TWO things were clear after US Secretary of State John Kerry’s four hours of talks with Russian Foreign Minister Sergei Lavrov in Paris last Sunday.

One was that the United States accepts that nothing can be done about Russia’s annexation of Crimea.

Kerry continues to describe Russia’s action as “illegal and illegitimate”, but Crimea was not even mentioned in the communique released to the public.

The other is that the transformation of Ukraine into a neutral, federal state is now firmly on the table.

Kerry repeatedly voiced the mantra that there must be “no decisions about Ukraine without Ukraine,” but he also agreed with Lavrov that the subjects that need to be discussed include rights for national minorities, language rights, the disarmament of irregular forces and a constitutional reform that would make Ukraine a federal state.    

By “rights for national minorities” and “language rights” he meant a special political status for Ukraine’s 17 percent ethnic Russian minority and maybe even for the much larger number of Ukrainians – probably 40-45 percent – who speak Russian on a daily basis.

Moscow is asserting its right to intervene in Ukraine’s internal affairs to “protect” these minorities, and Kerry is at least willing to talk about it.

By “disarmament of irregular forces” Lavrov had meant the armed right-wing groups that played a small part in the revolution and still make occasional appearances on Independence Square and elsewhere in Kiev. These groups are Moscow’s pretext for claiming that there has been a “fascist coup” in Kiev, from which it says that it has a duty to protect Russians and Russian-speakers in Ukraine.

Kerry may also have had in mind the armed pro-Moscow militias that occasionally appear in eastern Ukrainian cities, but he didn’t say so. Nor did he mention the fact that the Kiev government is already moving to disarm, break up and arrest the right-wing groups in western Ukrainian cities.

By talking about “federalising” Ukraine, Kerry was implicitly accepting that the Russian demand for a radical decentralisation of the country (which could give pro-Russian governments in some eastern Ukrainian provinces a veto on decisions in Kiev) is a legitimate topic for negotiation.

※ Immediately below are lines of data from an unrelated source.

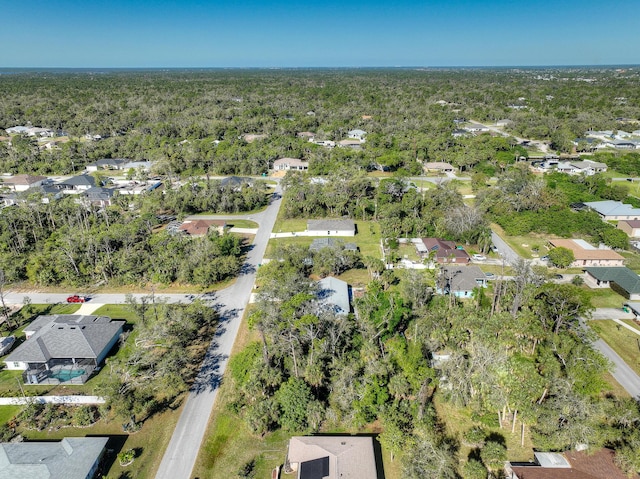 drone / aerial view with a view of trees and a residential view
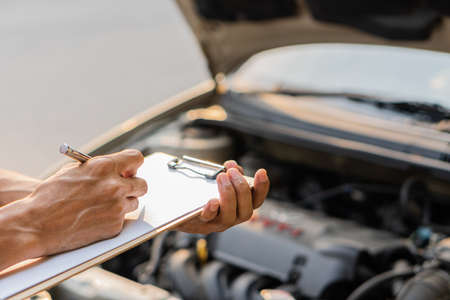 The auto mechanic checks the car engine with the check written in the car service engine repair...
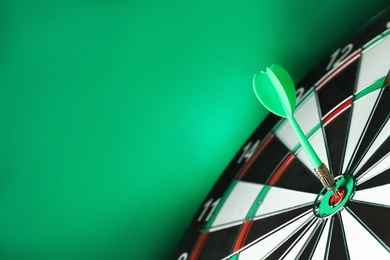 Arrow hitting target on dart board against green background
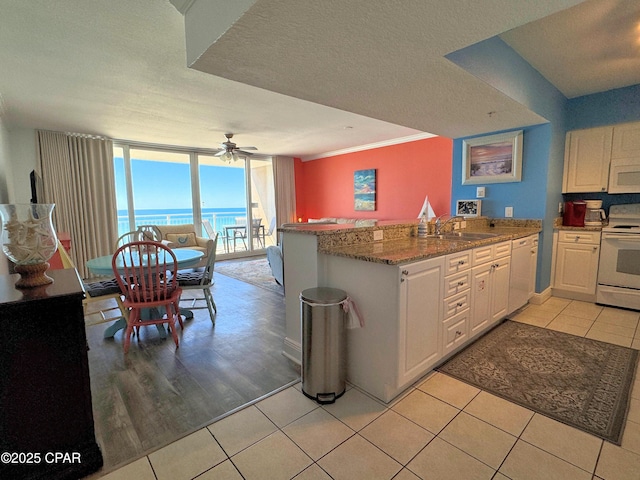kitchen featuring a ceiling fan, light tile patterned floors, a peninsula, stone counters, and white appliances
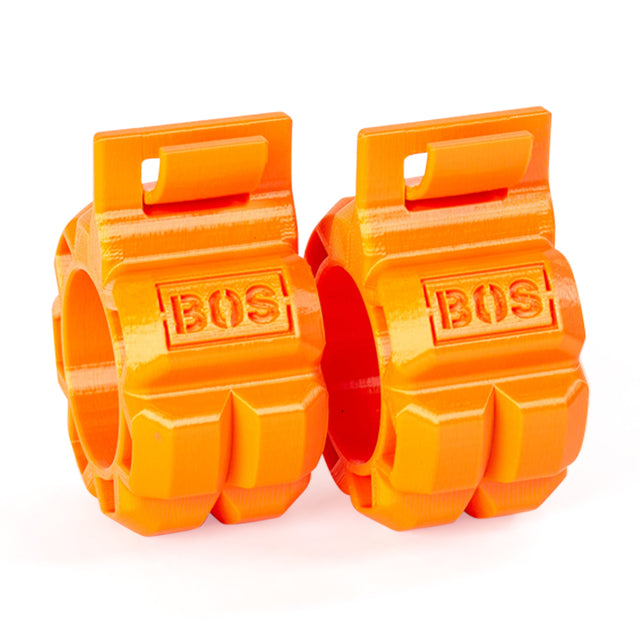 Two bright orange Barbell Zip Clips by Bells of Steel, made of plastic with "BOS" embossed on the front, feature a chunky geometric pressure-cuff design and a rectangular loop at the top of each clip.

It’s no wonder that a satisfied Sergei Lavrov called the talks “very very constructive”, or that the Ukrainian foreign ministry spokesperson said Russia was demanding “Ukraine's full capitulation, its split and the destruction of Ukrainian statehood.” And although Kerry promises “no decisions without Ukraine,” Kiev might not be able to reject American pressure to accept these concessions in its current gravely weakened state.

If all this makes John Kerry sound like a latter-day Neville Chamberlain appeasing Moscow, well, maybe he is. But that’s not clear yet. The odds on a new Cold War have gone up quite a lot in the past week.